Where as the original movie took awhile to present the shark infested terror, this movie wastes no time in getting to the suspenseful watery abyss that people want to see. The shark encounters appear for about half of the movie, perhaps more. Unfortunately, the CGI wasn’t as consistent as the sharks’ hunger. Some scenes had visually less believable sharks swimming around, while others felt quite realistic. The inconsistency was noticeable, but for a movie created with a $12 million budget, the overall quality is impressive.
Probably due to the budget, this movie has an incredibly small cast. Some scenes have crowds of extras, but the main and supporting cast could be counted on both hands. As far as the performances go, nobody really stands out, but they aren’t disappointing either. With the exception of John Corbett and Nia Long, who play the sisters’ parents, this is a relatively unknown core cast of young women, but given that experience factor, they have a lot of potential going forward. Everyone is believable as the characters they portray, but the dialogue within this movie is rather weak and comes off as early draft quality that never went through revisions. This is no fault of the actors, who do what they can with the script given to them.
Beyond the dialogue, this movie really relied on audiences taking everything at face value and not thinking too hard about the logical factors of some things, which are merely there to either progress the story or allow interaction among the characters. Specifically, the use of scuba masks that do not cover the actors ears, but somehow allow them to communicate with each other clearly is a bit puzzling. This very same concept was used in the original movie, so it isn’t that surprising to see it return. Other than that audible conundrum and a brief question of feasible biology, the characters were, at times, hard to distinguish between and that caused a bit of confusion during character interactions until their identities were more clear.
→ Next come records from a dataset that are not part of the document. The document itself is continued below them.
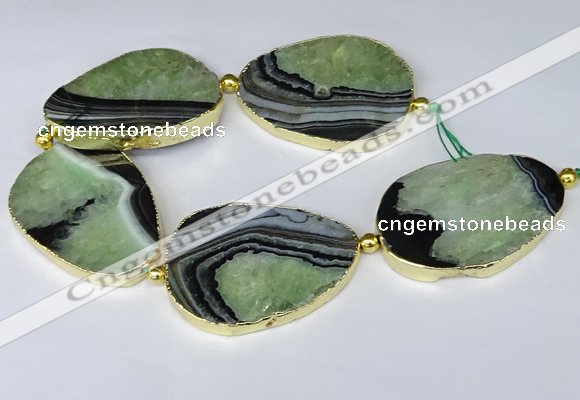 CNG3040 7.5 inches 35*45mm - 40*55mm freeform druzy agate beads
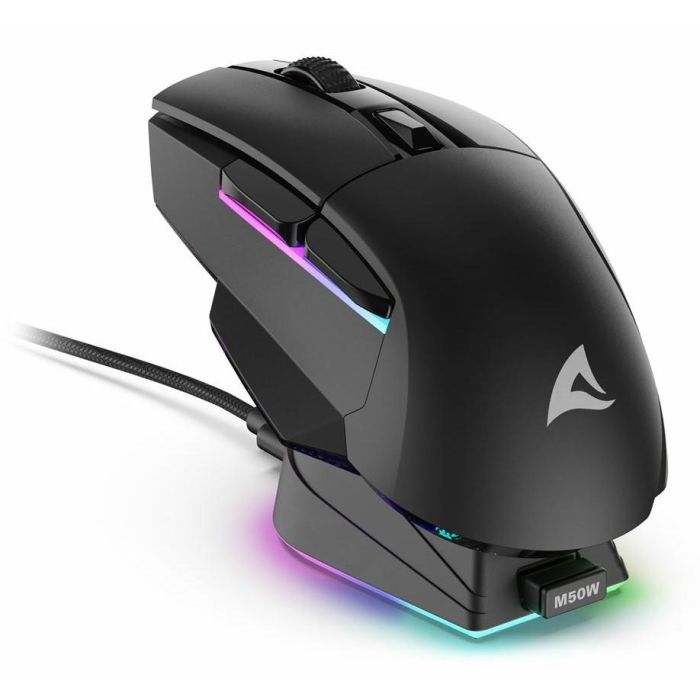 Sharkoon SGM50W Ratón Gaming Óptico Inalámbrico/Cable Dual Mode 6400 DPI. Iluminación RGB, Base de Carga, Batería 70h, Mano Derecha. 4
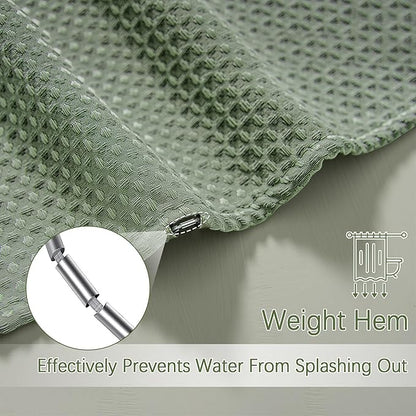 Sage Green Shower Curtain for Bathroom Waffle Textured Heavy Duty 78 Inch Shower Curtain Set for Bathroom, Water Repellent 256GSM Neutral Fabric Shower Curtains with 12 Metal Hooks, 72Wx78H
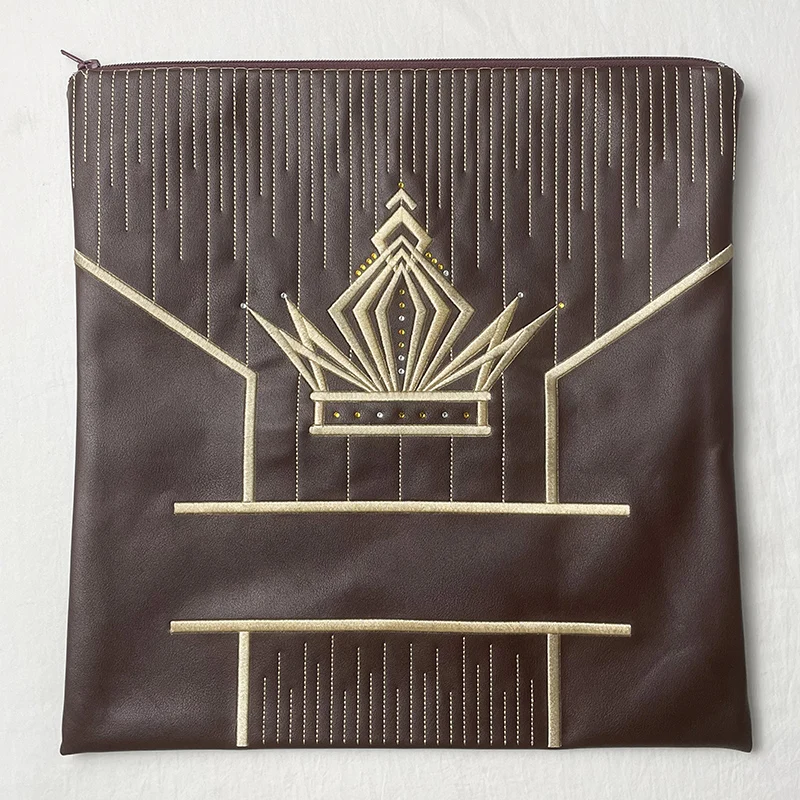 Tallit Bag For Jewish Judaical Prayer Shawl Zippered Embroidered PU Leather Bag With Stones jewish bag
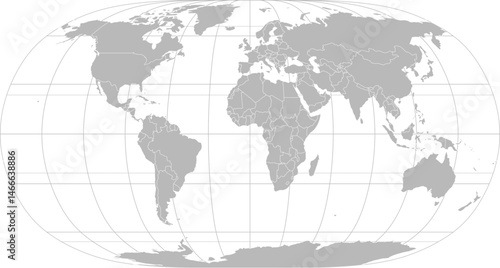 World vector map with country boundaries and graticules (Natural Earth Il projection, PPT-compatible & fully editable)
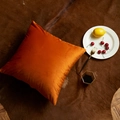 Housse de coussin carrée en velours orange avec texture à pois pour canapé - Avec Noyau en Coton 500g / Velours Orange Vif
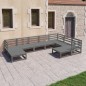 vidaXL Muebles de jardín 9 piezas gris madera de pino maciza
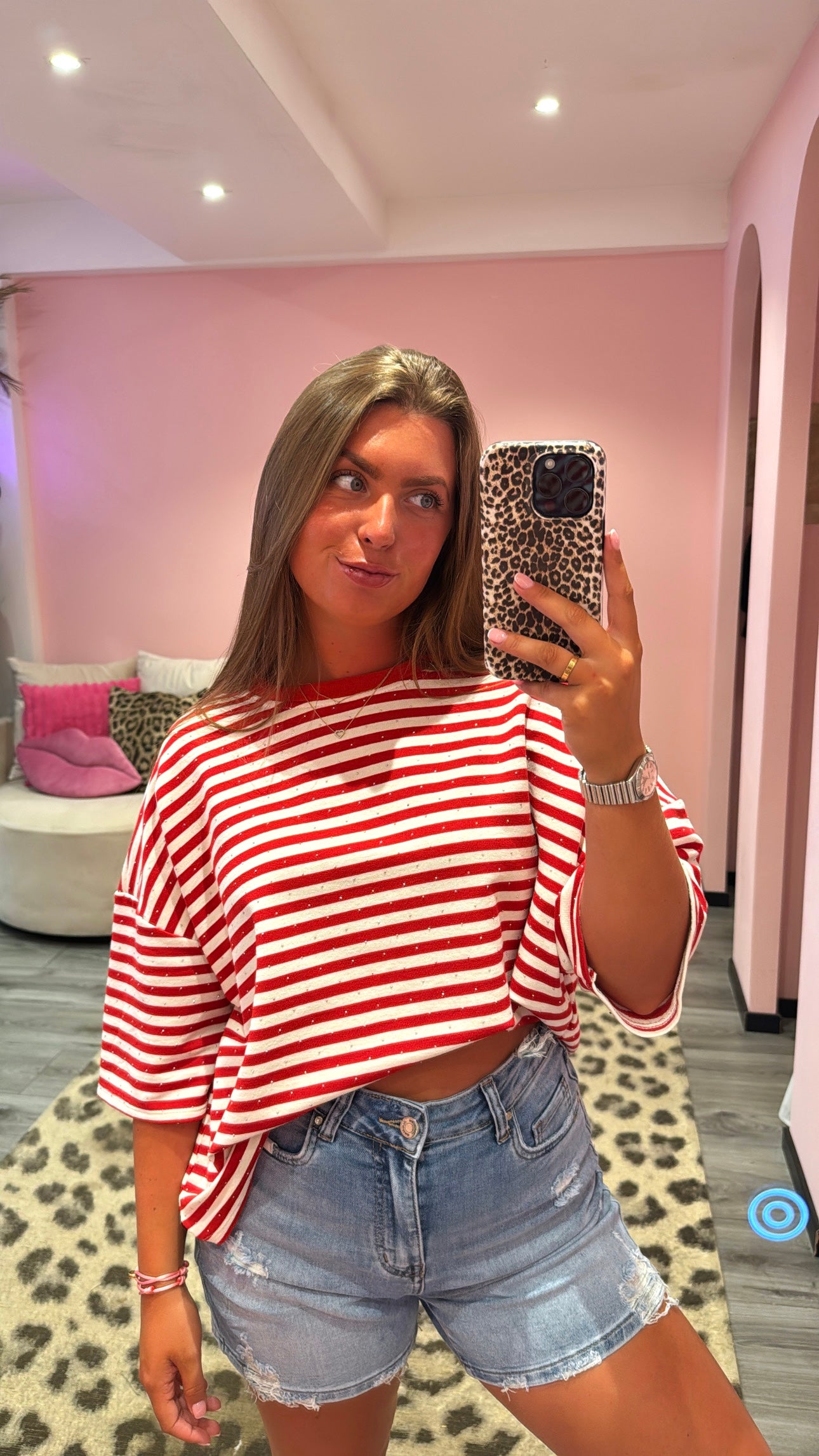 Striped Strass T-Shirt Rood/Wit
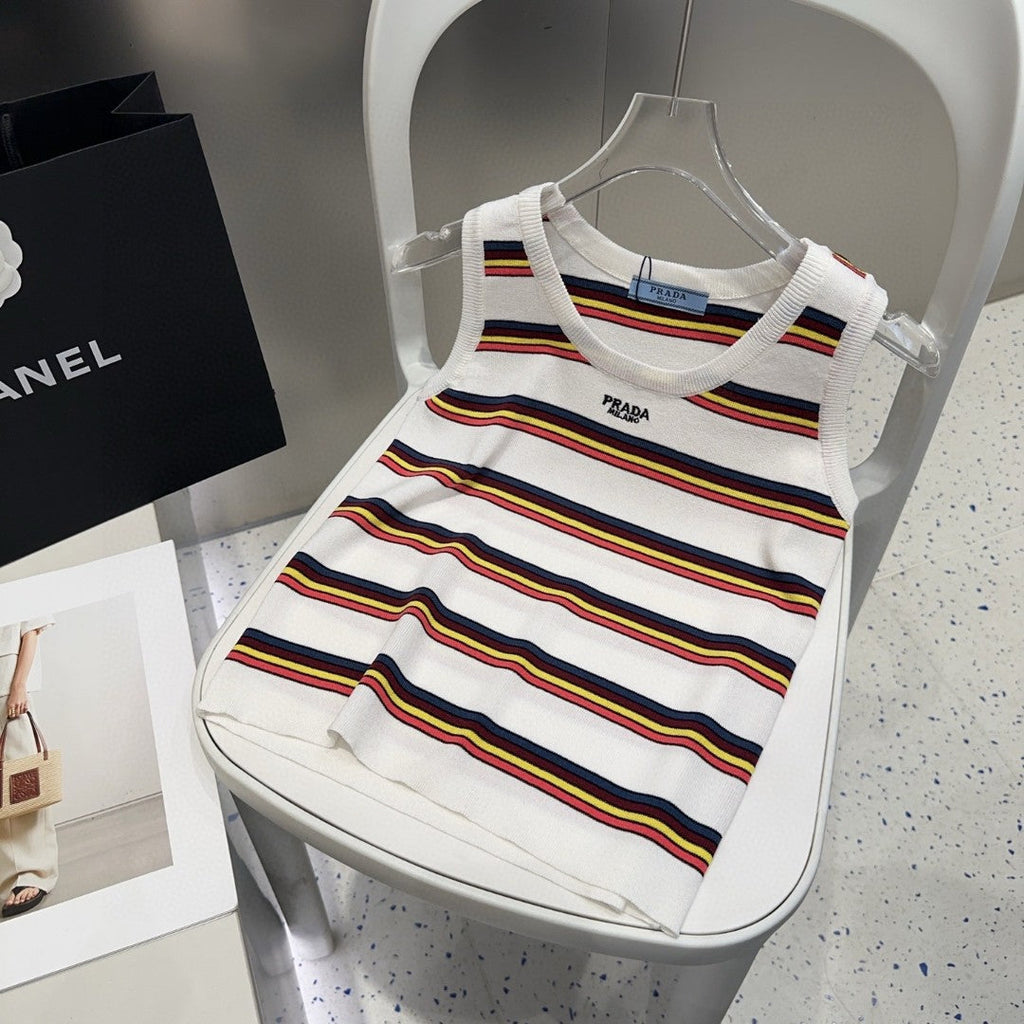 PRADA STRIPED TANK TOP 627700 IN WHITE MIX MULTICOLR COTTON RIBBED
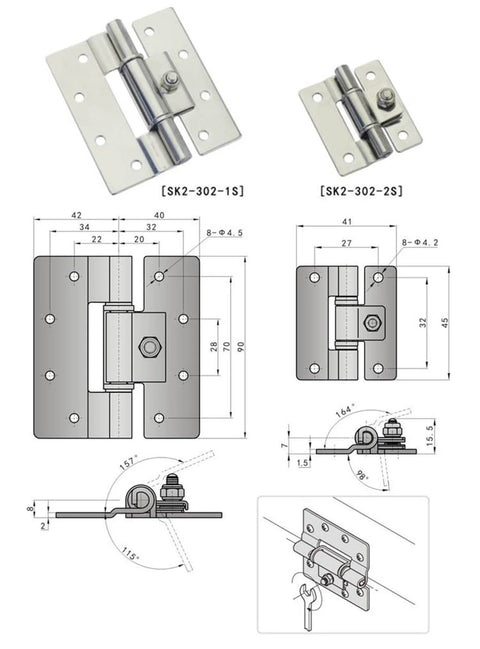 Diagram and measurements of Industrial Stainless Steel Door Friction Torque Hinge T Hinge SK2-302-1 S2S for heavy duty doors.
47 Meters Down: Uncaged undoubtedly has a handful of problems, ranging from the weak dialogue, illogical use of scuba gear, and at times mediocre CGI, but despite all of that, this young female driven cast provides a fun ride into a short told story of survival among these apex predators. Looking past all of the flaws, this is by definition a “B movie” and provides a satisfying take on the creature feature genre. It isn’t for everyone, but those with a piqued interest will find themselves entertained by the end.